Dataset section Start Marker

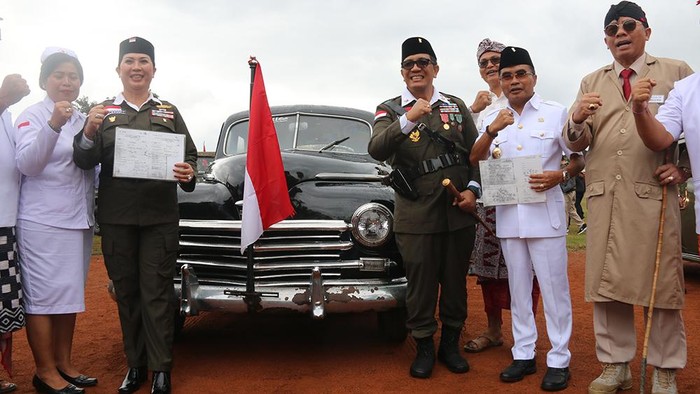 Bupati Tabanan I Komang Sanjaya dan istrinya mengapit mobil Plymouth De Luxe yang sempat menjadi milik Fatmawati Soekarno  di Lapangan Debes, Tabanan, Bali, Kamis (17/8/2023). (chairul amri simabur/detikBali)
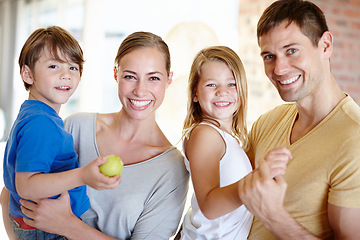 Image showing Portrait, smile and family in home for love, bonding and siblings together with fruit. Face, happy parents and kids in living room for connection with mother, father or children eating apple in house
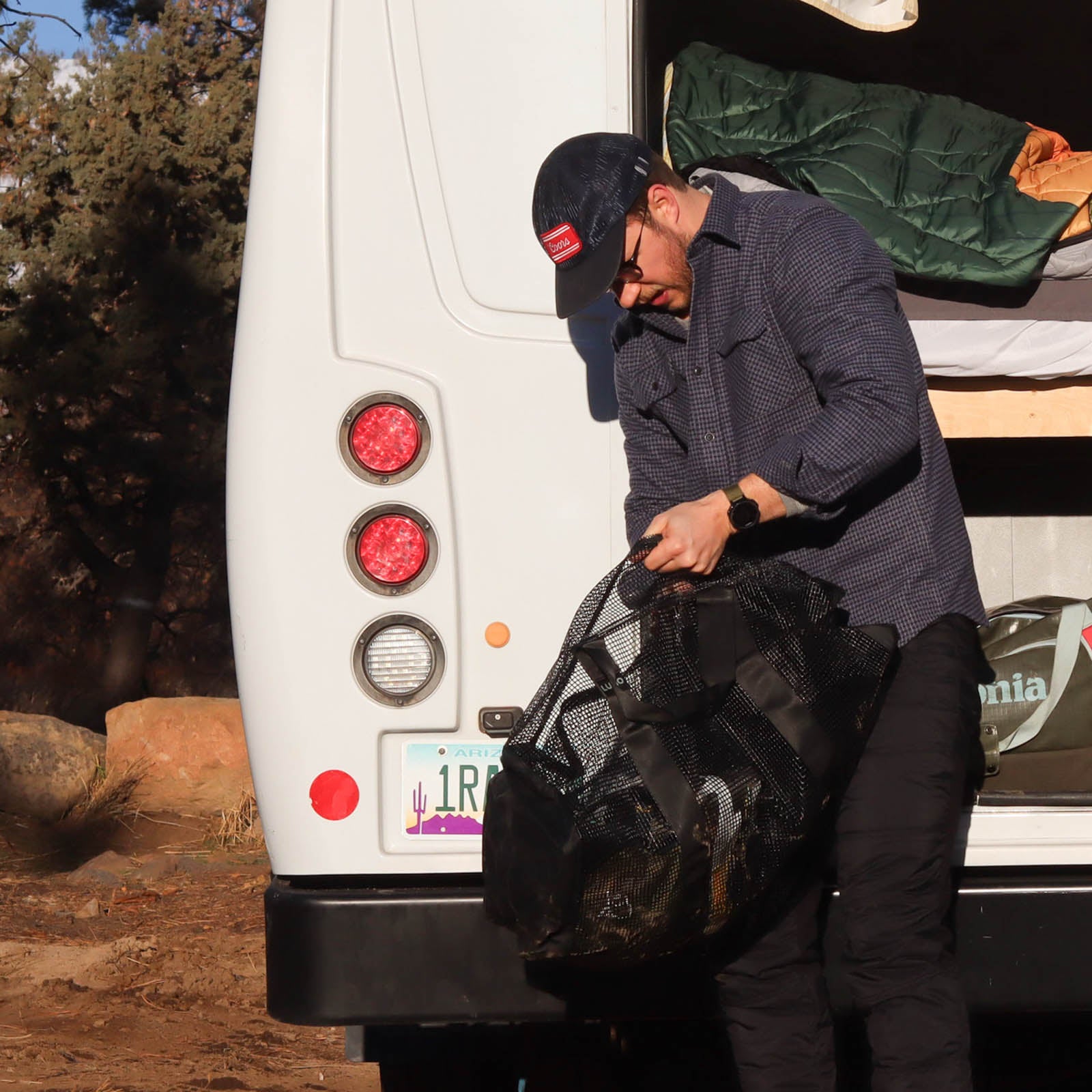 Man packing his bag wearing a MuskOx flannel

Dataset section End Marker

Skip all pictures. Then give again, exactly, each line from the line holding "Image showing Portrait, smile" through the last line of the listing above, both ends included.

 Image showing Portrait, smile and family in home for love, bonding and siblings together with fruit. Face, happy parents and kids in living room for connection with mother, father or children eating apple in house
 Man packing his bag wearing a MuskOx flannel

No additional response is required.